Cada vez que pruebo una aceitada, viene a mi memoria la Semana Santa de mi tierra.
Y me veo solo o acompañado de alguno de los míos en medio de aquel ambiente prístino que tienen todas las cosas íntimas y personales; y una de ellas es sin duda la Semana Santa que empecé a querer desde niño en mi barrio del Duero.

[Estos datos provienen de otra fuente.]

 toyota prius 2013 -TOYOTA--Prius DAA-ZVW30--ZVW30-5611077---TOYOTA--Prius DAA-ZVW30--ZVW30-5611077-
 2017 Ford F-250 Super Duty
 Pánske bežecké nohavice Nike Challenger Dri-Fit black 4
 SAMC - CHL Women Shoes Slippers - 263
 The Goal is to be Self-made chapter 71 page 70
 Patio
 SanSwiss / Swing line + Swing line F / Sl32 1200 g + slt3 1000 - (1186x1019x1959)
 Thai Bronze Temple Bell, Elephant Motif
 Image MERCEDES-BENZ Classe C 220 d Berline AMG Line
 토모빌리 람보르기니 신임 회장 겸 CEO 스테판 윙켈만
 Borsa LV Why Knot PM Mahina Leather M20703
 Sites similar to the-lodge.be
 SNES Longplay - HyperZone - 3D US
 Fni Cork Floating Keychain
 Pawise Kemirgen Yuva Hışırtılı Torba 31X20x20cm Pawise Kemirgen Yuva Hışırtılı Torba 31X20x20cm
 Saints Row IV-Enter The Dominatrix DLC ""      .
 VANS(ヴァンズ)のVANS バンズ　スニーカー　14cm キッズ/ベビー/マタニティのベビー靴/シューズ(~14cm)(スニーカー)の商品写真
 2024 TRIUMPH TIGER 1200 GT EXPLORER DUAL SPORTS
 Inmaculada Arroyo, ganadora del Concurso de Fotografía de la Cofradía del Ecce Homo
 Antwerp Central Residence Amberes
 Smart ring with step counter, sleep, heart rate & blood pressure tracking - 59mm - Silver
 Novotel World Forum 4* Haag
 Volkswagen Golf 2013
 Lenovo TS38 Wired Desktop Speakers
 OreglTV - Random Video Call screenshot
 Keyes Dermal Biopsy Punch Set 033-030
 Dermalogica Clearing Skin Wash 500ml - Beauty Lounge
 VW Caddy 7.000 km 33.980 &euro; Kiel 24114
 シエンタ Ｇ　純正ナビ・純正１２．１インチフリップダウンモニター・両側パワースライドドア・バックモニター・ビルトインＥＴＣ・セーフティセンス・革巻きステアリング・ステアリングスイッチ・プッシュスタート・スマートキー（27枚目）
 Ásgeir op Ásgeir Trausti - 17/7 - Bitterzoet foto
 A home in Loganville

El domingo ha amanecido claro. Suenan los típicos estampidos de los
cohetes y su humo blanco se deshilacha en el cielo azul más alto. La
iglesia del barrio está llena de gente y el incienso puebla la nave
del templo mientras el sacerdote bendice las palmas y los ramos de
laurel. Detrás de nosotros el inocente del barrio repite en un latín
macarrónico las jaculatorias del cura. Y al fondo, las monjas siguen
flotando con su hábito blanco en la penumbra del otro lado de la
reja de clausura.
Hemos crecido lo nuestro, pero seguimos siendo niños a la vista de
todo esto que nos recuerda nuestra entrañable Semana Santa. Miro a
mi mujer, sentada a mi lado, y recuerdo el Domingo de Ramos de
siempre, como si fuera hoy. Esta tarde irá de procesión y se pondrá
aquella falda blanca que le hacía parecer una flor de primavera
recién abierta, con ganas de perfumar el aire que respirábamos
todos a su alrededor. La Borriquita saldrá de la misma iglesia y un
mundo de niñas y niños endomingados flanquearemos el “paso”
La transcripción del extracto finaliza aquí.